Gadis itu berhenti sesaat saat mendengar Ardi menyebut namanya. Suara ini akan menjadi yang terakhir menyebut namanya. Arini memejamkan mata, merekam suara tersebut. Dan membulatkan tekad untuk meninggalkannya. Arini melangkah masuk ke dalam kereta yang akan membawanya pergi meninggalkan kisah cinta nya. Ardi hanya menatap punggung gadis itu yang segera menghilang di balik pintu kereta yang segera tertutup karena pluit sudah ditiup tanda kereta akan berangkat. Mata pemuda itu sudah merah tapi dia enggan untuk meneteskan air mata. Dan saat ini hatinya lah yang menangis melihat kepergian kereta itu membawa gadis yang dia cintai.
_______
Arini langsung mencari nomor kursi yang tertera di tiketnya.
Saat sudah menemukannya Arini langsung menaruh tasnya di tempat yang sudah di sediakan. Arini langsung duduk bersandar di kursi. Memandang ke arah luar jendela. Menatap pohon pohon yang seolah saling berkejaran karena laju kereta api yang sangat cepat ini. Tidak lama kemudian pemuda yang hampir jatuh tersandung kaki Arini di peron stasiun mengamati nomer kursi yg tertera di dinding kereta. Lalu menundukan kepalanya mengamati nomer kursi yang tercetak di selembar tiket yang berada di tangannya. Ketika pemuda itu sudah yakin akan nomer yang tertera di dinding kereta sama dengan yang tercetak di tiketnya pemuda itu langsung mengangkat kopernya dan meletakkan persis di sebelah tas milik Arini.

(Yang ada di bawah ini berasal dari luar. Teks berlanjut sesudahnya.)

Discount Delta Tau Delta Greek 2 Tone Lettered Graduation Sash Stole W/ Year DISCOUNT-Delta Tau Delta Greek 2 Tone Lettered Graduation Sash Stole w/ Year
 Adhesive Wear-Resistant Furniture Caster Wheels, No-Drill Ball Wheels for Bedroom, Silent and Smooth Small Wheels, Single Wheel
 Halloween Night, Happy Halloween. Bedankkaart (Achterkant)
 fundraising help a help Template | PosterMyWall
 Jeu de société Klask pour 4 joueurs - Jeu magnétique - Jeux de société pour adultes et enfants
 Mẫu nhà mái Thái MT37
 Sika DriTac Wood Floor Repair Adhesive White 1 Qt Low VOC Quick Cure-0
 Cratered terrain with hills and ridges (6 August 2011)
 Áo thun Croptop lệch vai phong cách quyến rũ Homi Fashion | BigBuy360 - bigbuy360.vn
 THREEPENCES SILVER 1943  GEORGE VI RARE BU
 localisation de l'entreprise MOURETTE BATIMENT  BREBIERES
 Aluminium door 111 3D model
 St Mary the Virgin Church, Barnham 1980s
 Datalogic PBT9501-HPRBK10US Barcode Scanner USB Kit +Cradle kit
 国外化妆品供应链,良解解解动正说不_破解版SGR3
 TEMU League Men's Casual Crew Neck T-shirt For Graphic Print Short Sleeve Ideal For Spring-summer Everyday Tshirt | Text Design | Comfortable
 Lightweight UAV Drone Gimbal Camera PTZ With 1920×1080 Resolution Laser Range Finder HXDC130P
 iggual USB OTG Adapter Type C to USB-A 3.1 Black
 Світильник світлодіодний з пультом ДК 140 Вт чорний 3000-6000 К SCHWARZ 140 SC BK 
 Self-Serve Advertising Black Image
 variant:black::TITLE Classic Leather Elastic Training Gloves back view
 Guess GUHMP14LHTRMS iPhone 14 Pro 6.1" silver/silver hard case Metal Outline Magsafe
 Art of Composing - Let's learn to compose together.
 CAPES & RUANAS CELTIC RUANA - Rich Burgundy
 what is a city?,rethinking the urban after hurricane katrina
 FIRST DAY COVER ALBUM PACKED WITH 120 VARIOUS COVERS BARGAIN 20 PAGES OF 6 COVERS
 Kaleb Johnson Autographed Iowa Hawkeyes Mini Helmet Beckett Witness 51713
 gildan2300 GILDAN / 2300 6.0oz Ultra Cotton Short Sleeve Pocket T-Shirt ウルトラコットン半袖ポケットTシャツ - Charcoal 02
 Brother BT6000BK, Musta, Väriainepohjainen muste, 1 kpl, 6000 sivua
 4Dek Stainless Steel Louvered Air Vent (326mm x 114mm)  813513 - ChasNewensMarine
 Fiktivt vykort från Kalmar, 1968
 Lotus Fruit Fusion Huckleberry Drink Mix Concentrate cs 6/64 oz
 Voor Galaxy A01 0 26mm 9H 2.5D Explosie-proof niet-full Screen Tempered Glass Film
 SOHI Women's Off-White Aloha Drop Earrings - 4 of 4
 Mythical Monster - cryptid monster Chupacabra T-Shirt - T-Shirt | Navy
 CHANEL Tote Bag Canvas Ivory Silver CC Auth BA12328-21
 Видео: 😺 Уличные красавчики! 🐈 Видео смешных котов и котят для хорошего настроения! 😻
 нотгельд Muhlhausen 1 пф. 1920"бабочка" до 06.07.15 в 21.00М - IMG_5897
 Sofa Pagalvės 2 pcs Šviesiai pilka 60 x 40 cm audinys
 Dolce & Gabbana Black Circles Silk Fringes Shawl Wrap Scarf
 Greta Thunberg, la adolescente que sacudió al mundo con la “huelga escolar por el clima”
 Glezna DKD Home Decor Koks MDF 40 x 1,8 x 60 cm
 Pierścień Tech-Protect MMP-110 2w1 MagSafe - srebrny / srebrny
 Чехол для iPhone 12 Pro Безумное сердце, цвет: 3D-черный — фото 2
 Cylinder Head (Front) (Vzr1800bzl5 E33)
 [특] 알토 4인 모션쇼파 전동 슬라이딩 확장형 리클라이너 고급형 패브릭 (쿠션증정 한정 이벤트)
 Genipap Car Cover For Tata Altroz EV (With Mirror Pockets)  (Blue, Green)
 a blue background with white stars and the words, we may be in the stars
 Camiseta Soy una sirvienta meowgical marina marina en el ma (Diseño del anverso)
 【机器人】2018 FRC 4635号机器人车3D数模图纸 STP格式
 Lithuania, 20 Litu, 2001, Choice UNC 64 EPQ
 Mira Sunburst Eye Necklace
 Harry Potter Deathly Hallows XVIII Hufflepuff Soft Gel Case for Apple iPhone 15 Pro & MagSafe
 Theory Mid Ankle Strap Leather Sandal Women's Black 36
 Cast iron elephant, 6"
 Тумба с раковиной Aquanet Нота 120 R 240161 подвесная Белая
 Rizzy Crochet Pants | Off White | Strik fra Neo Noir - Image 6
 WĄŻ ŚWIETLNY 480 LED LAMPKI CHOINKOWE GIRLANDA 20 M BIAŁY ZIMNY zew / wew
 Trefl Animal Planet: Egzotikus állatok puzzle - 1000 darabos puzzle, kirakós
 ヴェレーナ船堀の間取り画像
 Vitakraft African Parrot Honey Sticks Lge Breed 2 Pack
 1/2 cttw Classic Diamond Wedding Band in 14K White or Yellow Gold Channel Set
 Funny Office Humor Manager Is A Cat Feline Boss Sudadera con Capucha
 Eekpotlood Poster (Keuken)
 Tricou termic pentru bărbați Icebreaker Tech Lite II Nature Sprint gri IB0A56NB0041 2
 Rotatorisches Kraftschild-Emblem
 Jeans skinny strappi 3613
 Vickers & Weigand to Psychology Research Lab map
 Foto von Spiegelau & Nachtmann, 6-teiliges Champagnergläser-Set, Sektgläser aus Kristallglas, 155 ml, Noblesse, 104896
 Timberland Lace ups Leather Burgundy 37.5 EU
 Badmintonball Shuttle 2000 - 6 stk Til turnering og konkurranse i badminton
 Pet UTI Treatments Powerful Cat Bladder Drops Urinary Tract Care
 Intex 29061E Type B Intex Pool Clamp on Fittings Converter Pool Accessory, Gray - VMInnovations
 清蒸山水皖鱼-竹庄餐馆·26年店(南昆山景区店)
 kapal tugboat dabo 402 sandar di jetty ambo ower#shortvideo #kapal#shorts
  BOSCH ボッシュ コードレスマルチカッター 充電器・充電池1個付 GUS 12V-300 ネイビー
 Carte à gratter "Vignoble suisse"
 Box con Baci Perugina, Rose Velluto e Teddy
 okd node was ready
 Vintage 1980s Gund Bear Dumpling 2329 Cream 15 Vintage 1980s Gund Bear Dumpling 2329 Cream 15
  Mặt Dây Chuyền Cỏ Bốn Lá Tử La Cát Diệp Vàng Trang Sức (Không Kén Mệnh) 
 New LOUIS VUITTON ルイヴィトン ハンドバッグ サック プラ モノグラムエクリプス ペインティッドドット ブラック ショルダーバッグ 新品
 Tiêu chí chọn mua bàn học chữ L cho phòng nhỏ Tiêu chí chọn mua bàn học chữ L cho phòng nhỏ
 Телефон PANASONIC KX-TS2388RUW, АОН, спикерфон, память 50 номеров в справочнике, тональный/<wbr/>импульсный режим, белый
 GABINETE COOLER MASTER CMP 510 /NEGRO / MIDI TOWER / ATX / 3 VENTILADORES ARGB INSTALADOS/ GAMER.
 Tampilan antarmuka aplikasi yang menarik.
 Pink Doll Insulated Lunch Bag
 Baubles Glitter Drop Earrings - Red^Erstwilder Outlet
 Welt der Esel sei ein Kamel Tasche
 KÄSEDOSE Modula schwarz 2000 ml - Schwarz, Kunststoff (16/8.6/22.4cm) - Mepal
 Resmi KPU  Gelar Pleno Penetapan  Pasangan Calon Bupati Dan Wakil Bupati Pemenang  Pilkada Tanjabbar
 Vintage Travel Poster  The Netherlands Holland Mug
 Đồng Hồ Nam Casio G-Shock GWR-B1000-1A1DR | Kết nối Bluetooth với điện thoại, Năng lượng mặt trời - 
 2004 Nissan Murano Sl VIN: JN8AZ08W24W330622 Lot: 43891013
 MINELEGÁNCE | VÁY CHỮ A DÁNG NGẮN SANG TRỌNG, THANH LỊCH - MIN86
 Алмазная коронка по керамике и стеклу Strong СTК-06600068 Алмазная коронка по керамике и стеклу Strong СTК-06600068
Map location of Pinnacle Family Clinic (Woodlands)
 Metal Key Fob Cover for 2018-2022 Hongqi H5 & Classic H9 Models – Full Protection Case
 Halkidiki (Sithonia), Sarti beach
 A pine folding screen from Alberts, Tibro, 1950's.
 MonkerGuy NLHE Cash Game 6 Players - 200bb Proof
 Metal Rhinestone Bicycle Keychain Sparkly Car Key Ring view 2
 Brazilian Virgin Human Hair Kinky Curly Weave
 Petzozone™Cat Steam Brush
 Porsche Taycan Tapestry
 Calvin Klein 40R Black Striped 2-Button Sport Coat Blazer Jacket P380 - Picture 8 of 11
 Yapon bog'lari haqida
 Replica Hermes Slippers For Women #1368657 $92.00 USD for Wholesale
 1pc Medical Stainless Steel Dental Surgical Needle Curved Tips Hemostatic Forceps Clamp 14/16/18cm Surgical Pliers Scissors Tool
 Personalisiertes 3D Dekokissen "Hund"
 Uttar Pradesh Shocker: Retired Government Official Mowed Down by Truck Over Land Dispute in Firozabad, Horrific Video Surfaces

"Permisi...maaf saya boleh duduk di sebelah anda? Karena nomer kursi saya tepat disini." ucap pemuda itu dengan sopan.
Arini hanya menggeser pantatnya tanpa menoleh sama sekali. Arini masih terpaku menatap keluar jendela.
Pemuda itupun langsung duduk di atas kursi sambil menyandarkan punggungnya di sandaran kursi. Pemuda itu hanya melirik ke arah Arini tanpa mengucapkan sepatah katapun. Pemuda itu tidak menyangka kalau dia akan duduk bersebelahan dengan gadis itu.